The results could be pretty big in making perovskite oxide electrocatalysts for some applications, she says, including solid oxide fuel cells.
“The bulk electronic and ionic properties of perovskite oxides are really good, as they have been optimized over several decades for use in fuel cells,” she explains, but “the bottleneck now was to improve the oxygen reduction reaction kinetics at the surface,” and many teams have been stymied because the behavior of the material at its surface turned out to be “not nearly as good as hoped,” or as models estimated. Currently, the researchers state that they understand the reason for occurrence of setback, and how to cope with it.
“The observations could be used to produce more robust fuel cells with lower degradation rates, which at the moment is a major target for solid oxide fuel cell developers,” says John Kilner, a professor of energy materials at Imperial College, London, who was not part of this study.
“In many catalytic materials, stability and performance do not come hand-in-hand — the most active catalysts are also the least stable ones,” says William Chueh, an assistant professor of materials science and engineering at Stanford University, who also was not connected with the research. “In this work, Yildiz and co-workers identified a new way to substantially improve the stability of cobalt-based electrocatalysts simply by adding a small amount of dopants on the surface.”

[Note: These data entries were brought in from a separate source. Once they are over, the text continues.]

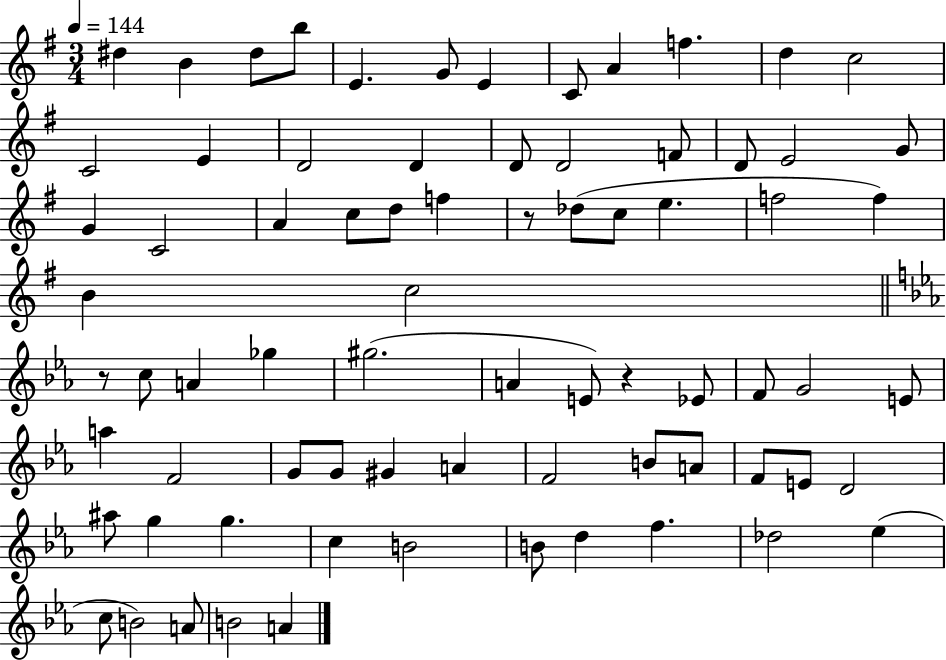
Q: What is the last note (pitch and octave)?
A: A4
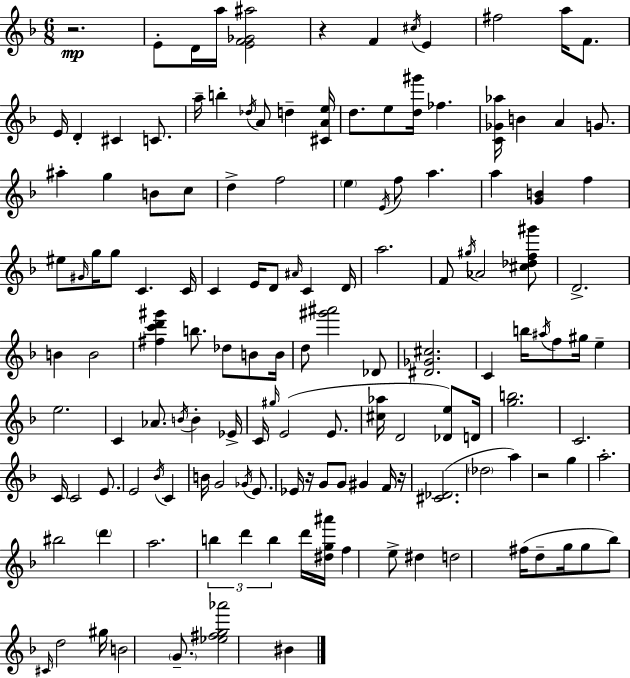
R/h. E4/e D4/s A5/s [E4,F4,Gb4,A#5]/h R/q F4/q C#5/s E4/q F#5/h A5/s F4/e. E4/s D4/q C#4/q C4/e. A5/s B5/q Db5/s A4/e D5/q [C#4,A4,E5]/s D5/e. E5/e [D5,G#6]/s FES5/q. [C4,Gb4,Ab5]/s B4/q A4/q G4/e. A#5/q G5/q B4/e C5/e D5/q F5/h E5/q E4/s F5/e A5/q. A5/q [G4,B4]/q F5/q EIS5/e G#4/s G5/s G5/e C4/q. C4/s C4/q E4/s D4/e A#4/s C4/q D4/s A5/h. F4/e G#5/s Ab4/h [C#5,Db5,F5,G#6]/e D4/h. B4/q B4/h [F#5,C6,D6,G#6]/q B5/e. Db5/e B4/e B4/s D5/e [G#6,A#6]/h Db4/e [D#4,Gb4,C#5]/h. C4/q B5/s A#5/s F5/e G#5/s E5/q E5/h. C4/q Ab4/e. B4/s B4/q Eb4/s C4/s G#5/s E4/h E4/e. [C#5,Ab5]/s D4/h [Db4,E5]/e D4/s [G5,B5]/h. C4/h. C4/s C4/h E4/e. E4/h Bb4/s C4/q B4/s G4/h Gb4/s E4/e. Eb4/s R/s G4/e G4/e G#4/q F4/s R/s [C#4,Db4]/h. Db5/h A5/q R/h G5/q A5/h. BIS5/h D6/q A5/h. B5/q D6/q B5/q D6/s [D#5,G5,A#6]/s F5/q E5/e D#5/q D5/h F#5/s D5/e G5/s G5/e Bb5/e C#4/s D5/h G#5/s B4/h G4/e. [Eb5,F#5,G5,Ab6]/h BIS4/q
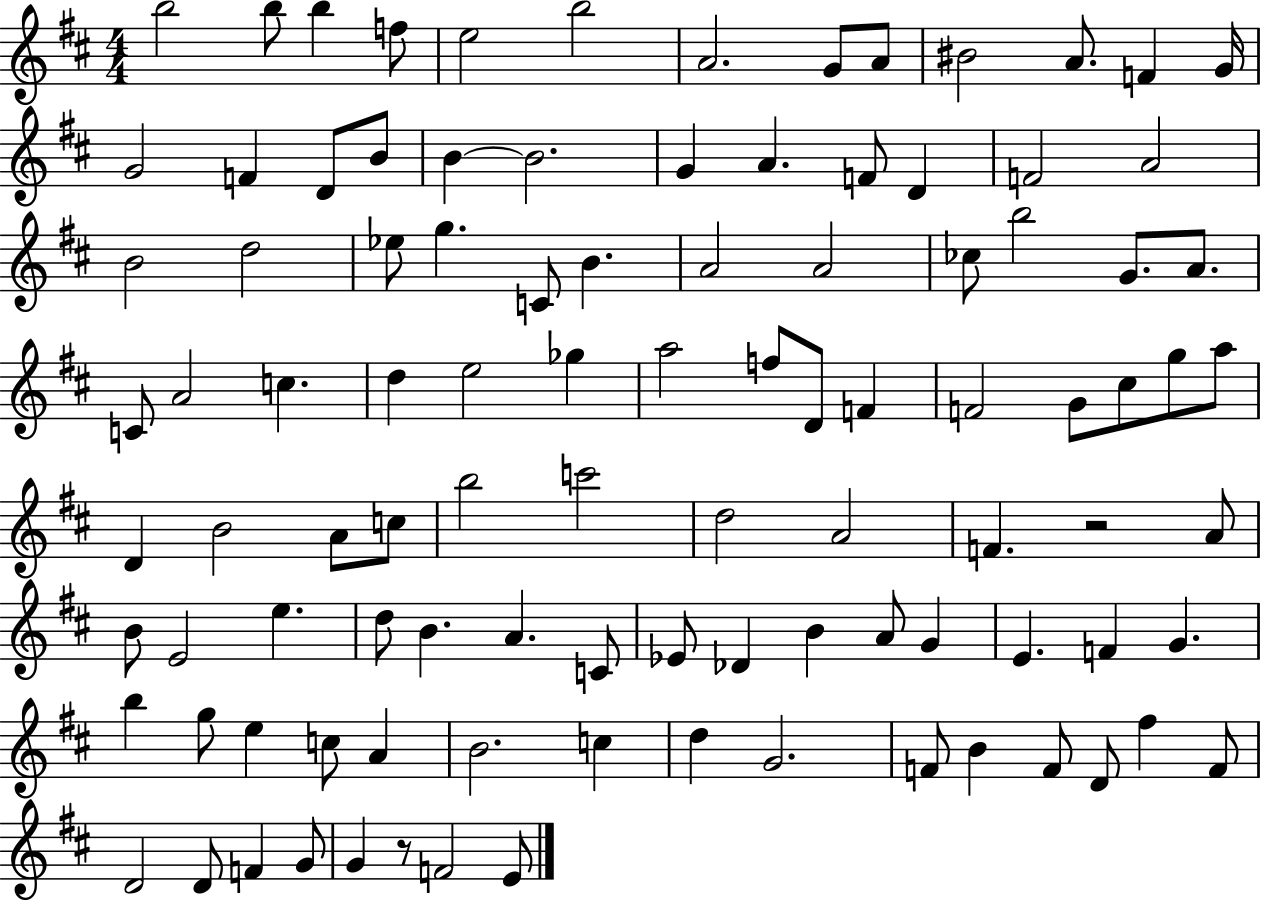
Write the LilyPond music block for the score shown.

{
  \clef treble
  \numericTimeSignature
  \time 4/4
  \key d \major
  b''2 b''8 b''4 f''8 | e''2 b''2 | a'2. g'8 a'8 | bis'2 a'8. f'4 g'16 | \break g'2 f'4 d'8 b'8 | b'4~~ b'2. | g'4 a'4. f'8 d'4 | f'2 a'2 | \break b'2 d''2 | ees''8 g''4. c'8 b'4. | a'2 a'2 | ces''8 b''2 g'8. a'8. | \break c'8 a'2 c''4. | d''4 e''2 ges''4 | a''2 f''8 d'8 f'4 | f'2 g'8 cis''8 g''8 a''8 | \break d'4 b'2 a'8 c''8 | b''2 c'''2 | d''2 a'2 | f'4. r2 a'8 | \break b'8 e'2 e''4. | d''8 b'4. a'4. c'8 | ees'8 des'4 b'4 a'8 g'4 | e'4. f'4 g'4. | \break b''4 g''8 e''4 c''8 a'4 | b'2. c''4 | d''4 g'2. | f'8 b'4 f'8 d'8 fis''4 f'8 | \break d'2 d'8 f'4 g'8 | g'4 r8 f'2 e'8 | \bar "|."
}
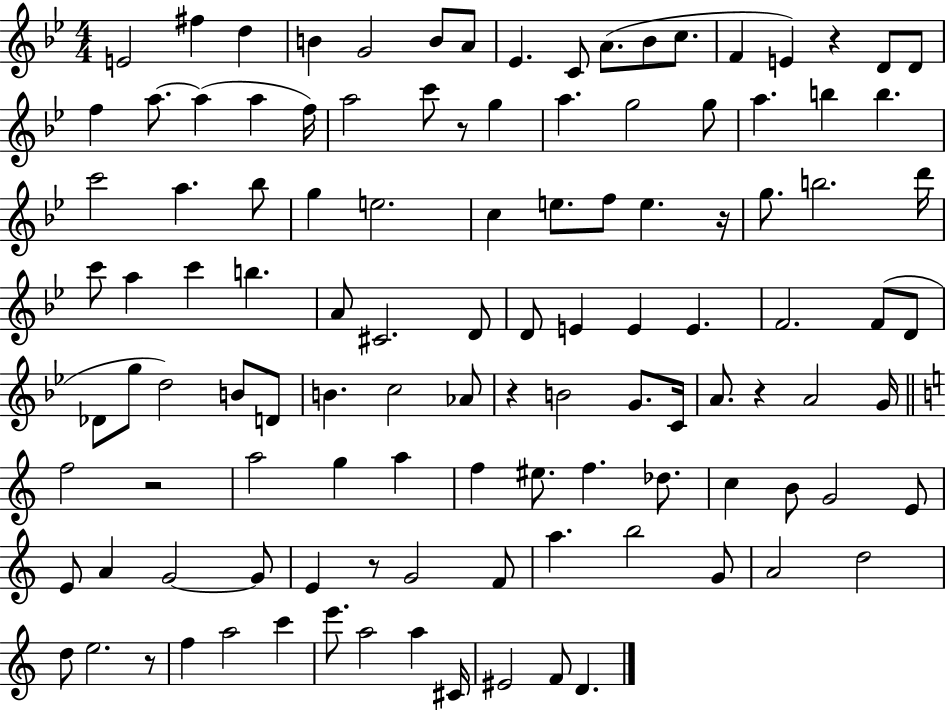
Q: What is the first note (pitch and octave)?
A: E4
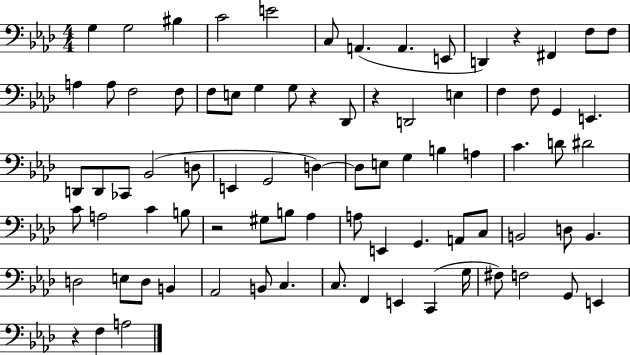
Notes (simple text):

G3/q G3/h BIS3/q C4/h E4/h C3/e A2/q. A2/q. E2/e D2/q R/q F#2/q F3/e F3/e A3/q A3/e F3/h F3/e F3/e E3/e G3/q G3/e R/q Db2/e R/q D2/h E3/q F3/q F3/e G2/q E2/q. D2/e D2/e CES2/e Bb2/h D3/e E2/q G2/h D3/q D3/e E3/e G3/q B3/q A3/q C4/q. D4/e D#4/h C4/e A3/h C4/q B3/e R/h G#3/e B3/e Ab3/q A3/e E2/q G2/q. A2/e C3/e B2/h D3/e B2/q. D3/h E3/e D3/e B2/q Ab2/h B2/e C3/q. C3/e. F2/q E2/q C2/q G3/s F#3/e F3/h G2/e E2/q R/q F3/q A3/h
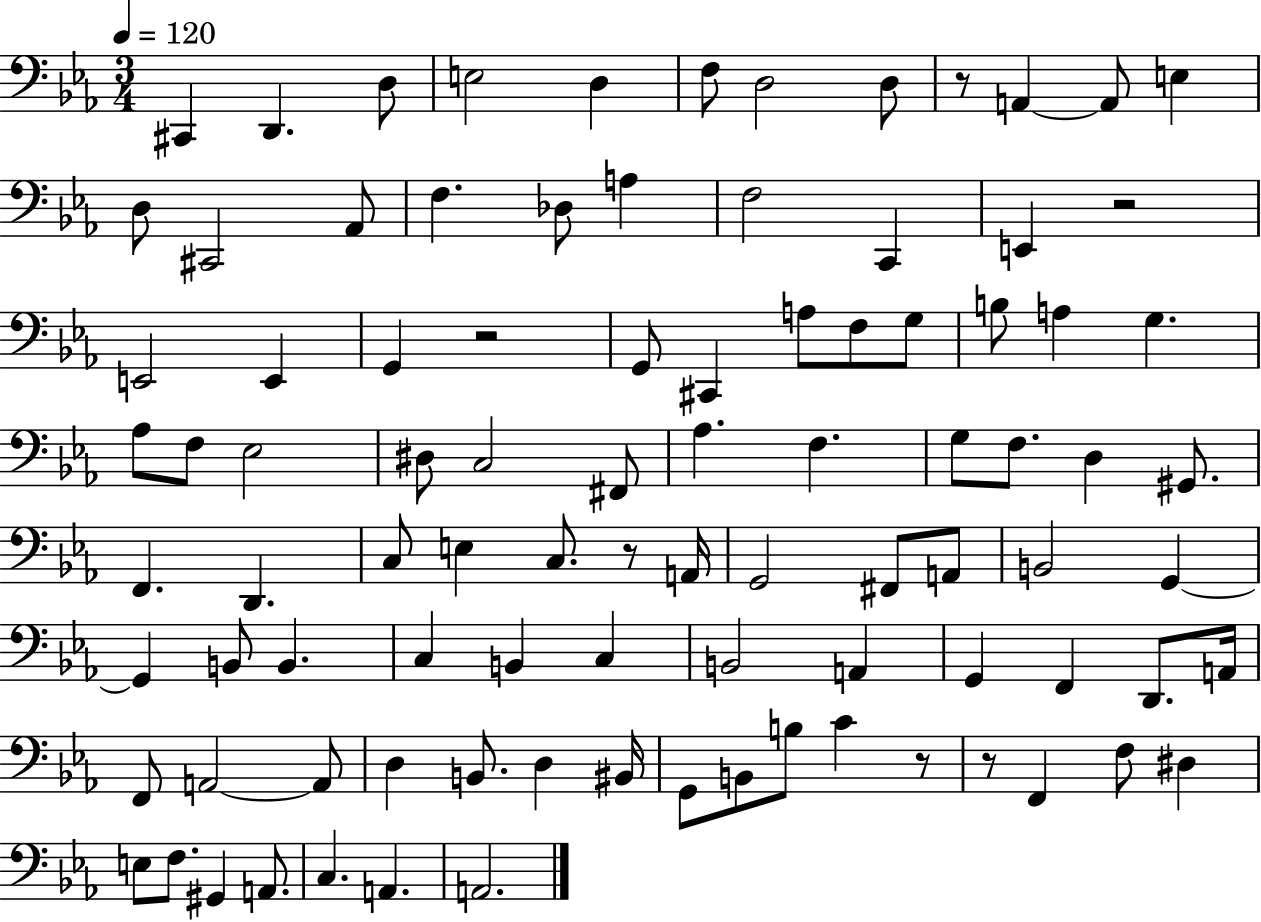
C#2/q D2/q. D3/e E3/h D3/q F3/e D3/h D3/e R/e A2/q A2/e E3/q D3/e C#2/h Ab2/e F3/q. Db3/e A3/q F3/h C2/q E2/q R/h E2/h E2/q G2/q R/h G2/e C#2/q A3/e F3/e G3/e B3/e A3/q G3/q. Ab3/e F3/e Eb3/h D#3/e C3/h F#2/e Ab3/q. F3/q. G3/e F3/e. D3/q G#2/e. F2/q. D2/q. C3/e E3/q C3/e. R/e A2/s G2/h F#2/e A2/e B2/h G2/q G2/q B2/e B2/q. C3/q B2/q C3/q B2/h A2/q G2/q F2/q D2/e. A2/s F2/e A2/h A2/e D3/q B2/e. D3/q BIS2/s G2/e B2/e B3/e C4/q R/e R/e F2/q F3/e D#3/q E3/e F3/e. G#2/q A2/e. C3/q. A2/q. A2/h.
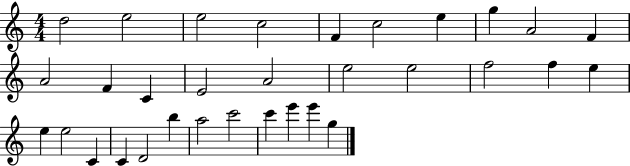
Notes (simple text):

D5/h E5/h E5/h C5/h F4/q C5/h E5/q G5/q A4/h F4/q A4/h F4/q C4/q E4/h A4/h E5/h E5/h F5/h F5/q E5/q E5/q E5/h C4/q C4/q D4/h B5/q A5/h C6/h C6/q E6/q E6/q G5/q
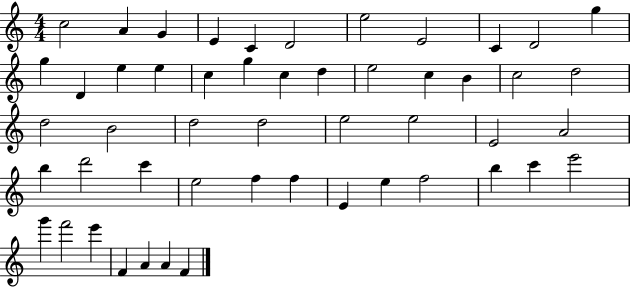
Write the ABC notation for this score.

X:1
T:Untitled
M:4/4
L:1/4
K:C
c2 A G E C D2 e2 E2 C D2 g g D e e c g c d e2 c B c2 d2 d2 B2 d2 d2 e2 e2 E2 A2 b d'2 c' e2 f f E e f2 b c' e'2 g' f'2 e' F A A F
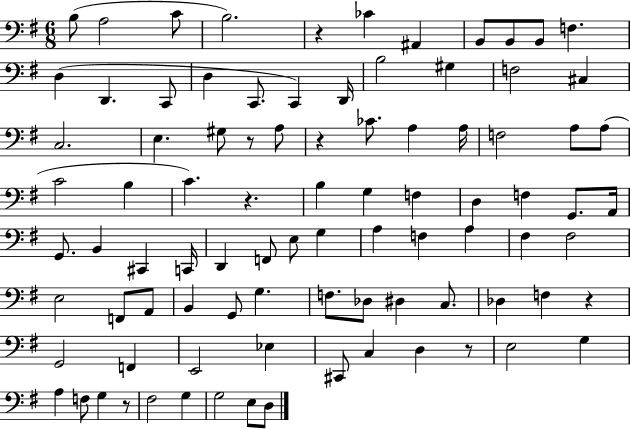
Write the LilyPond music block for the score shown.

{
  \clef bass
  \numericTimeSignature
  \time 6/8
  \key g \major
  b8( a2 c'8 | b2.) | r4 ces'4 ais,4 | b,8 b,8 b,8 f4. | \break d4( d,4. c,8 | d4 c,8. c,4) d,16 | b2 gis4 | f2 cis4 | \break c2. | e4. gis8 r8 a8 | r4 ces'8. a4 a16 | f2 a8 a8( | \break c'2 b4 | c'4.) r4. | b4 g4 f4 | d4 f4 g,8. a,16 | \break g,8. b,4 cis,4 c,16 | d,4 f,8 e8 g4 | a4 f4 a4 | fis4 fis2 | \break e2 f,8 a,8 | b,4 g,8 g4. | f8. des8 dis4 c8. | des4 f4 r4 | \break g,2 f,4 | e,2 ees4 | cis,8 c4 d4 r8 | e2 g4 | \break a4 f8 g4 r8 | fis2 g4 | g2 e8 d8 | \bar "|."
}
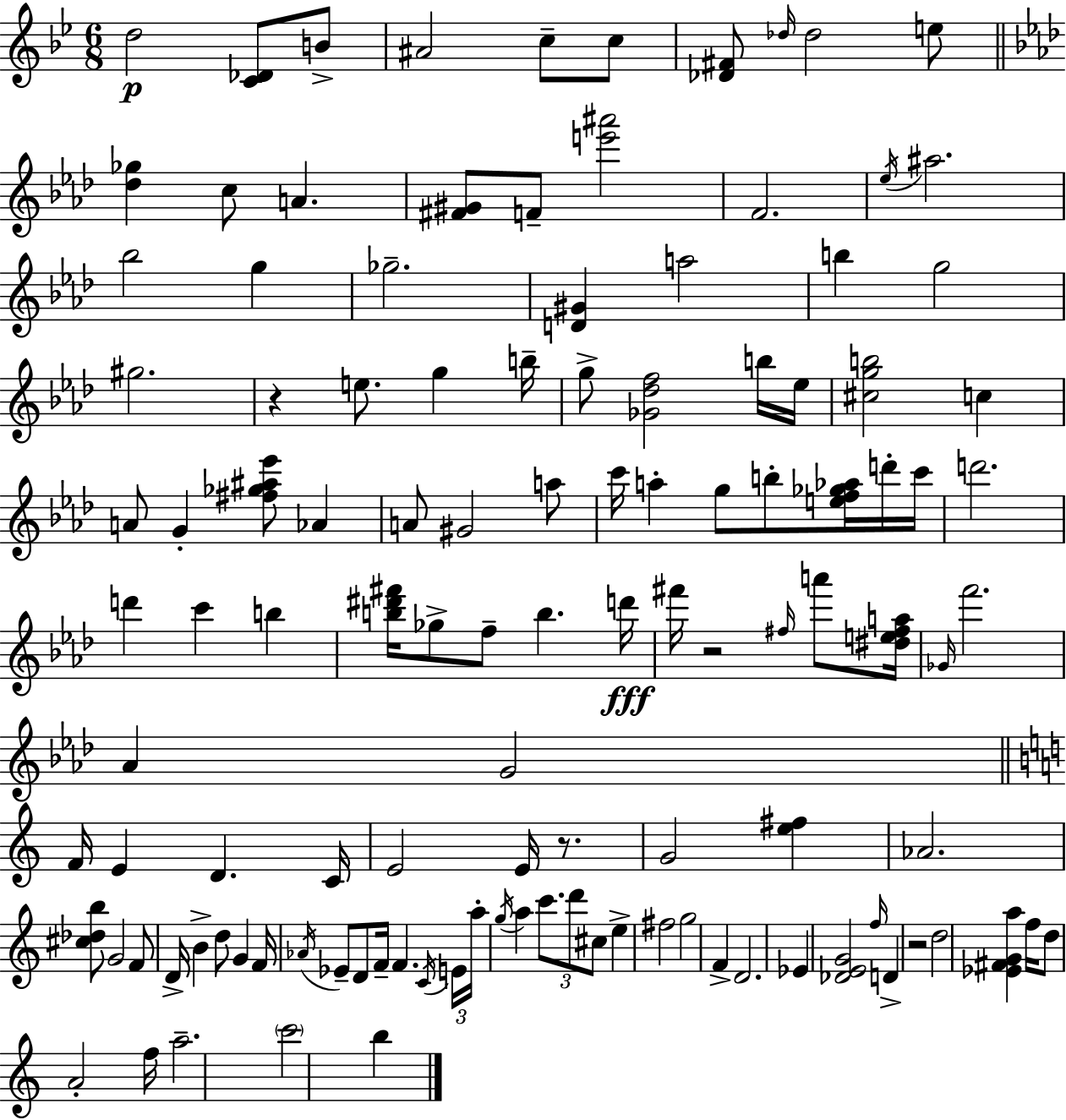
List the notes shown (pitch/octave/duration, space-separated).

D5/h [C4,Db4]/e B4/e A#4/h C5/e C5/e [Db4,F#4]/e Db5/s Db5/h E5/e [Db5,Gb5]/q C5/e A4/q. [F#4,G#4]/e F4/e [E6,A#6]/h F4/h. Eb5/s A#5/h. Bb5/h G5/q Gb5/h. [D4,G#4]/q A5/h B5/q G5/h G#5/h. R/q E5/e. G5/q B5/s G5/e [Gb4,Db5,F5]/h B5/s Eb5/s [C#5,G5,B5]/h C5/q A4/e G4/q [F#5,Gb5,A#5,Eb6]/e Ab4/q A4/e G#4/h A5/e C6/s A5/q G5/e B5/e [E5,F5,Gb5,Ab5]/s D6/s C6/s D6/h. D6/q C6/q B5/q [B5,D#6,F#6]/s Gb5/e F5/e B5/q. D6/s F#6/s R/h F#5/s A6/e [D#5,E5,F#5,A5]/s Gb4/s F6/h. Ab4/q G4/h F4/s E4/q D4/q. C4/s E4/h E4/s R/e. G4/h [E5,F#5]/q Ab4/h. [C#5,Db5,B5]/e G4/h F4/e D4/s B4/q D5/e G4/q F4/s Ab4/s Eb4/e D4/e F4/s F4/q. C4/s E4/s A5/s G5/s A5/q C6/e. D6/e C#5/e E5/q F#5/h G5/h F4/q D4/h. Eb4/q [Db4,E4,G4]/h F5/s D4/q R/h D5/h [Eb4,F#4,G4,A5]/q F5/s D5/e A4/h F5/s A5/h. C6/h B5/q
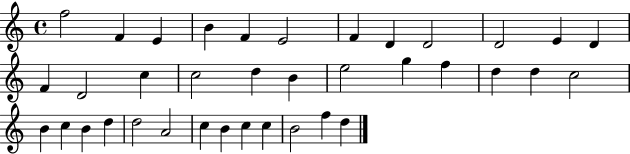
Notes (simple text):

F5/h F4/q E4/q B4/q F4/q E4/h F4/q D4/q D4/h D4/h E4/q D4/q F4/q D4/h C5/q C5/h D5/q B4/q E5/h G5/q F5/q D5/q D5/q C5/h B4/q C5/q B4/q D5/q D5/h A4/h C5/q B4/q C5/q C5/q B4/h F5/q D5/q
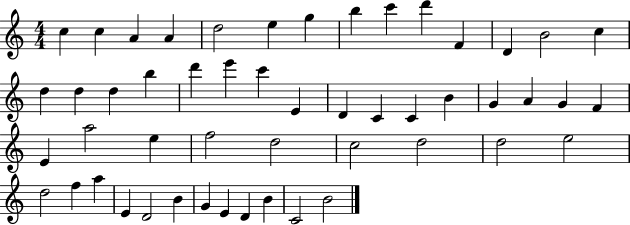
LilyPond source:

{
  \clef treble
  \numericTimeSignature
  \time 4/4
  \key c \major
  c''4 c''4 a'4 a'4 | d''2 e''4 g''4 | b''4 c'''4 d'''4 f'4 | d'4 b'2 c''4 | \break d''4 d''4 d''4 b''4 | d'''4 e'''4 c'''4 e'4 | d'4 c'4 c'4 b'4 | g'4 a'4 g'4 f'4 | \break e'4 a''2 e''4 | f''2 d''2 | c''2 d''2 | d''2 e''2 | \break d''2 f''4 a''4 | e'4 d'2 b'4 | g'4 e'4 d'4 b'4 | c'2 b'2 | \break \bar "|."
}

The most promising application of this work is to substantially improve the stability of solid-oxide fuel cells. This is the key issue that controls the cost, and limits the widespread adoption of this technology. The work is excellent in both fundamental insights and technological implications.
The research was supported by the National Science Foundation, Division of Materials Research, Ceramics Program with a CAREER Award, and from the NASA Jet Propulsion Laboratory. The team made use of the Advanced Light Source facility at the Lawrence Berkeley National Laboratory, supported by the Department of Energy.